Response: We agree with the reviewer that a proper definition was missing. We revised the manuscript to include a proper definition of disturbances (L. 31: “[…], with forest disturbances here defined as any abrupt decline in the dominant forest canopy”) and disturbances regimes (L. 35: “[…] (i.e., the prevailing spatiotemporal patterns of disturbance) […]”).

Comment: Please clearly explain all the components that are considered as disturbance and what degree of forest cover loss is needed for a disturbance to be detected with your RS approach.

Response: We agree that more information is needed to fully explain our approach. We added more details on the mapping approach to the methods section (L. 162): “The map depicts any abrupt declines in the dominant forest canopy – regardless of its cause – that are detectable at a spatial grain of 30 m, including disturbances that only remove a part of the canopy within a pixel. It does, however, not detect any changes in sub-canopy tree layers.”.

Comment: Was disturbance severity assessed (as in Senf & Seidl 2021)? And if yes, should it not be included in the analysis?

Response: We did not assess disturbance severity as in Senf and Seidl 2021 as the focus of our analysis was on the total area disturbed, irrespectively of disturbance severity.

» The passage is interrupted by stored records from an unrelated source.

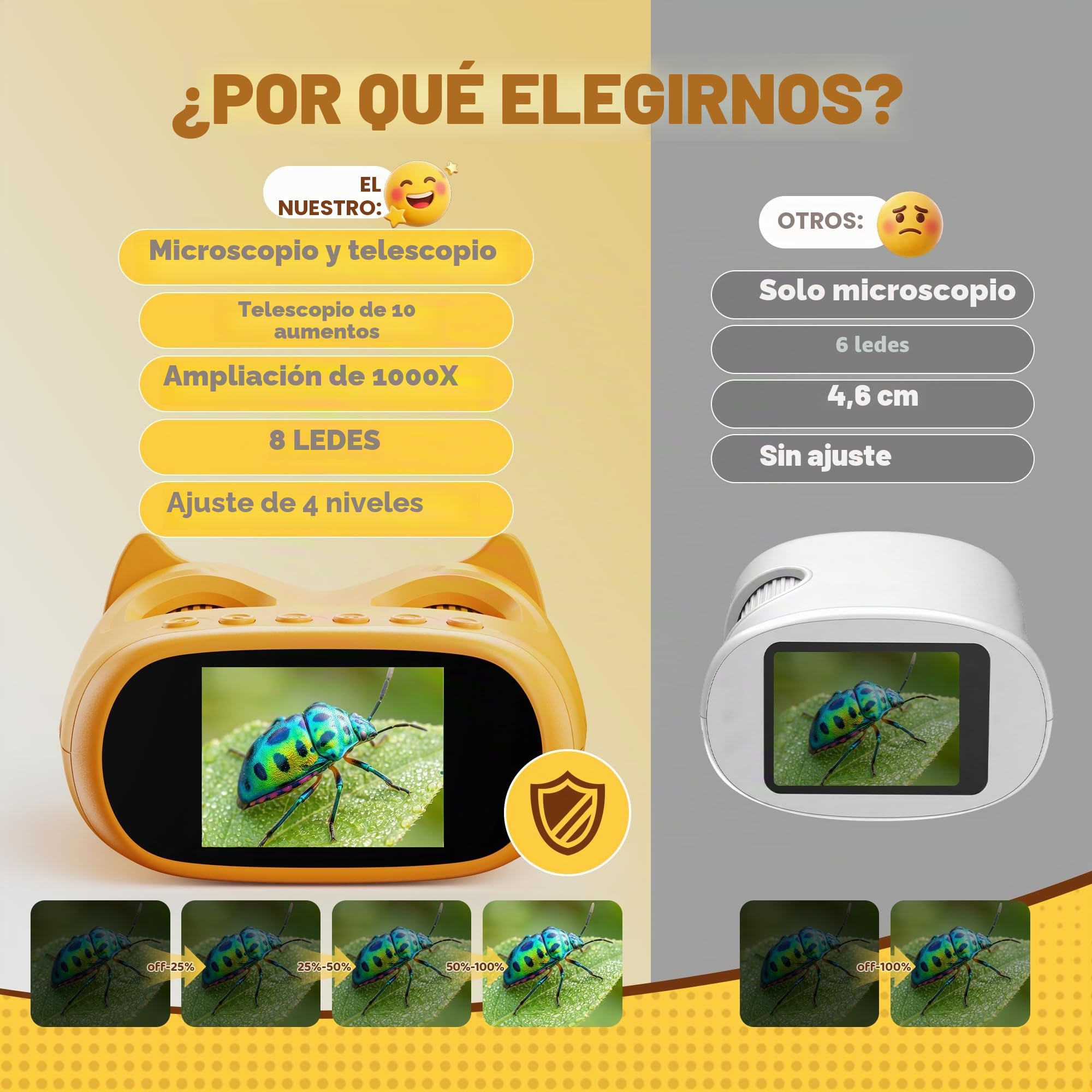 1000X Microscopio Digital para Niños Portatil: 2 en 1 Lupa y Telescopio Regalos Originale para Niña Niño 3-8 8-12 Años - Experimentos Kit Juguetes - Electronica Microscope USB-C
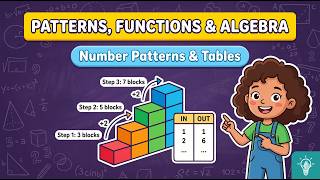 [Grade 4] Mathematics: Number Patterns & Tables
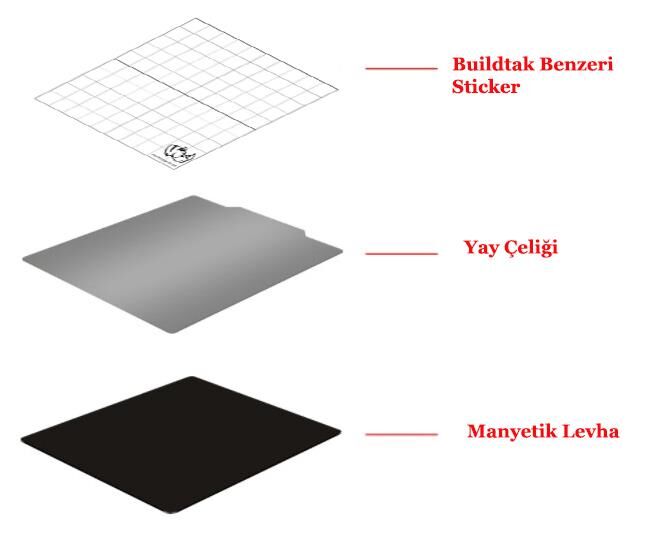 Mıknatıslı Yay Çeliiği + Buildtak Benzeri Baskı Tablası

Response: We thank the reviewer for this question. Throughout the analysis, a pixel can only be disturbed once, that is a pixel disturbed in 2019 cannot be disturbed again in 2020. This is a limitation of the underlying remote sensing approach, but we argue that this only affects a relatively small proportion of the disturbance areas in Europe. In the initial publication (Senf and Seidl 2021), we estimated that approximately 10 % of the plots identified as disturbed in the manual interpretation of spectral trajectories were affected by > 1 disturbances (that is less than 2 % of Europe’s forested area). From those ‘double-disturbances’, a large proportion relates to management interventions before a natural disturbance (i.e., thinning, removal of bark beetle-infested trees before salvage logging the whole stand) and might thus appear as a longer-duration disturbance event that ultimately results in a single disturbance patch. We here count those longer-duration disturbances event only once in calculating the disturbance rate to not inflate disturbance rate calculations.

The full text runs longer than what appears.